⚔ Predecessor Scout Pick & Build Squad Coach

About Predecessor Scout

A build-and-counter companion for Predecessor. It turns each hero's kit math and real match data into builds, lane counters, and coaching — and labels every number honestly so you know what's measured and what's still a model.

How builds are made

A simulator scores every viable item set against your kit's ability ratios, cooldowns, and the current patch's gold economy — then ranks them for burst, sustained fights, survivability, and the other things that actually win lanes. That's the Sim Build: a kit-math second opinion that doesn't care what's popular.

Alongside it, Meta Builds show what the field actually wins with — the item sets real players are taking this patch and their win rates. Two opinions: what the math likes, and what the data shows.

What the simulator models

The sim plays out a fight on paper from each kit's real numbers, then scores the build for the engagements its kit wants to win.

What it reads, the engagement types, and the gaps it can't yet model

For a given build it reads:

  • The kit — every ability's base damage (or heal/shield), its scaling per rank, which stat it scales off (physical or magical power), cooldowns, and any AoE or execute (missing-health) behaviour; plus basic-attack scaling and the hero's per-level base stats across all 18 levels.
  • The build's stats — physical & magical power, attack speed, crit chance, flat and percent penetration, armor shred, ability haste, health, physical & magical armor, mana, and lifesteal / omnivamp.
  • Defense & mitigation — damage taken = damage × K / (K + armor), where armor is reduced in order by shred, then percent pen, then flat pen.
  • Crit, attack speed & haste — average crit multiplier from crit chance, attacks-per-second from base × (1 + attack-speed%), and cooldowns shortened by ability haste.
  • The patch economy — median gold curves per role, so each item gets a spike minute (when the median player affords it) and the build is scored at the level it's online by.

It then scores that build for each engagement type: one-combo burst vs a squishy, teamfight AoE, skirmish uptime (a 10-second rotation), extended fights (20 seconds vs a bruiser), sustained auto DPS, effective HP vs physical and vs magical damage, and for supports heal/shield output, enchant/peel utility, and drain sustain. Each hero's build is the one that best fits the engagements its kit wants to win.

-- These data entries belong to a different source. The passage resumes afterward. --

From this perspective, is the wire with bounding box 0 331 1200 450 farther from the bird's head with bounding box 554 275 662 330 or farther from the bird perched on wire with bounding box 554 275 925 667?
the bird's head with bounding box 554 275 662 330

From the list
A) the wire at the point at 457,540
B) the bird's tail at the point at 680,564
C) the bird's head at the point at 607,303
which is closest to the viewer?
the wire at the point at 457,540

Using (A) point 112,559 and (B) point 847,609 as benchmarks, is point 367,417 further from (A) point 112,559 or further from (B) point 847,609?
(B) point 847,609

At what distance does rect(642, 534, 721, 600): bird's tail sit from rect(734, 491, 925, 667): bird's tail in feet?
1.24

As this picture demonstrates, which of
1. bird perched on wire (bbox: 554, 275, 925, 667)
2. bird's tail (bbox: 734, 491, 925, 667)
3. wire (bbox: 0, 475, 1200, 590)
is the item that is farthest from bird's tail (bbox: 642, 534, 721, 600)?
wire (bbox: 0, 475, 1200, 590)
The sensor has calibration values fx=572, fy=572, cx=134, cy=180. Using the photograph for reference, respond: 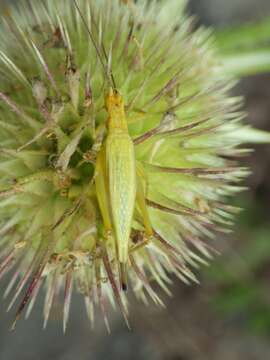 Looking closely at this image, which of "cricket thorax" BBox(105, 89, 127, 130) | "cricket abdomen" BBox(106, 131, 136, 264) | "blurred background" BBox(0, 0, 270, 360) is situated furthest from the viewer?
"blurred background" BBox(0, 0, 270, 360)

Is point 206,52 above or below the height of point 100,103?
above

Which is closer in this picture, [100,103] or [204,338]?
[100,103]

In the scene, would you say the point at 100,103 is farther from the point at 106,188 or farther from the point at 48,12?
the point at 48,12

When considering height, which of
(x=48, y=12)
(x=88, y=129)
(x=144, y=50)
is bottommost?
(x=88, y=129)

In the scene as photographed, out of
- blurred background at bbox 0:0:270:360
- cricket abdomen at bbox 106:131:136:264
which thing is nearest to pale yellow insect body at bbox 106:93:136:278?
cricket abdomen at bbox 106:131:136:264

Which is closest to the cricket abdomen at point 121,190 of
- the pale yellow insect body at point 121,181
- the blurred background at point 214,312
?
the pale yellow insect body at point 121,181

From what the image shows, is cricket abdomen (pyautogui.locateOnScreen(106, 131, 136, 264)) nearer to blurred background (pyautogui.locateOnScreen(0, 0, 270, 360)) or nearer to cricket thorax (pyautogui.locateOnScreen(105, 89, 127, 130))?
cricket thorax (pyautogui.locateOnScreen(105, 89, 127, 130))

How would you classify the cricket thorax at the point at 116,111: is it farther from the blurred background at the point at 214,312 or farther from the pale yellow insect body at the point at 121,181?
the blurred background at the point at 214,312

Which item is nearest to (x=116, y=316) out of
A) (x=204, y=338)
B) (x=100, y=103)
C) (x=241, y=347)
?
(x=204, y=338) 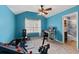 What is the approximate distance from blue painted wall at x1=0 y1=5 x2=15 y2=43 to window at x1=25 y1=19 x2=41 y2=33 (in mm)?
243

Gaps we still need to fill

It's a stat-and-damage model, not a full combat AI — so it's honest about its edges:

  • Unverified constants (the THEORY label): the exact armor/mitigation constant, the ability-haste and attack-speed formulas, the attack-speed cap, the crit multiplier, and whether ability scaling counts only bonus power. These await a practice-mode measurement.
  • Not yet modeled: crests and consumables; augments without tractable math (the ones we can model are simulated, the rest are listed as field evidence); and a few Eternal majors.
  • No head-to-head field data — matchups and counters are 1v1 kit-math simulations, not real head-to-head win rates (that data isn't published).
  • Positioning, ability order, terrain and team composition aren't simulated; the sim assumes standard builds and primary-role income, so a flexed/off-role pick's gold may run leaner than modeled.

That's why every combat number is THEORY until calibration, and why we always show the field's real win rates and builds next to the sim's opinion.

What THEORY means

Some combat constants — the armor/mitigation formula, ability haste, the crit multiplier, the attack-speed cap — haven't been measured directly in-game yet. Anything that rests on them is labeled THEORY until it's confirmed in practice mode.

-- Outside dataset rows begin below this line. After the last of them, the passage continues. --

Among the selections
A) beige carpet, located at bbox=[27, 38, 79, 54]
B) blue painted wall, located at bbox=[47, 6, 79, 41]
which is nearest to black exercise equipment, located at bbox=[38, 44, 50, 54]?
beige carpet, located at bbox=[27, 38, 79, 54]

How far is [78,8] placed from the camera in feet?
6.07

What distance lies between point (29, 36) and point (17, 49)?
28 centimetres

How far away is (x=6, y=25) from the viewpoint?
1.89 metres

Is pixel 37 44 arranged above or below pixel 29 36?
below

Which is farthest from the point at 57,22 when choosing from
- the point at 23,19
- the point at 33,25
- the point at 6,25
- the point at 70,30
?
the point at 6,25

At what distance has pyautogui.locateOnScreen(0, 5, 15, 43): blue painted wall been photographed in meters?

We never fill an unverified number with a guess. If we're not sure, we say so and lean on the field data instead. Honesty about uncertainty is the whole point.

Where the numbers come from

Play rates and win-rate deltas come from thousands of current-patch matches via Omeda Studios' official public API (through omeda.city).

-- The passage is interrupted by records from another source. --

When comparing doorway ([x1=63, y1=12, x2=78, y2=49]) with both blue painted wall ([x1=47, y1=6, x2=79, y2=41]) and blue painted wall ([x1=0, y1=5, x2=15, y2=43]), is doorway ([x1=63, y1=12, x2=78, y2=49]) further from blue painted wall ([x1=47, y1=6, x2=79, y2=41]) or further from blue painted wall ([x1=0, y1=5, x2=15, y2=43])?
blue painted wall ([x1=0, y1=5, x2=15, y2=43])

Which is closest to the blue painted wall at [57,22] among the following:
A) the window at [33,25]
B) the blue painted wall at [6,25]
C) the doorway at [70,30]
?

How small samples and evidence deltas are handled

Win rates are pulled toward the average for small samples, so a hero with a handful of games can't fluke its way to the top of a list.

Evidence deltas (an item's win-rate swing) are comparative, not absolute — they carry finished-inventory bias, so read them as "better than the alternative here," not as a guarantee.

How the writing is checked

The explanations, item reasoning, and coaching are written and then machine-checked: every number a sentence cites has to exist in its source data, and an independent reviewer passes back over the copy for anything misleading. Lines that can't be backed up get cut.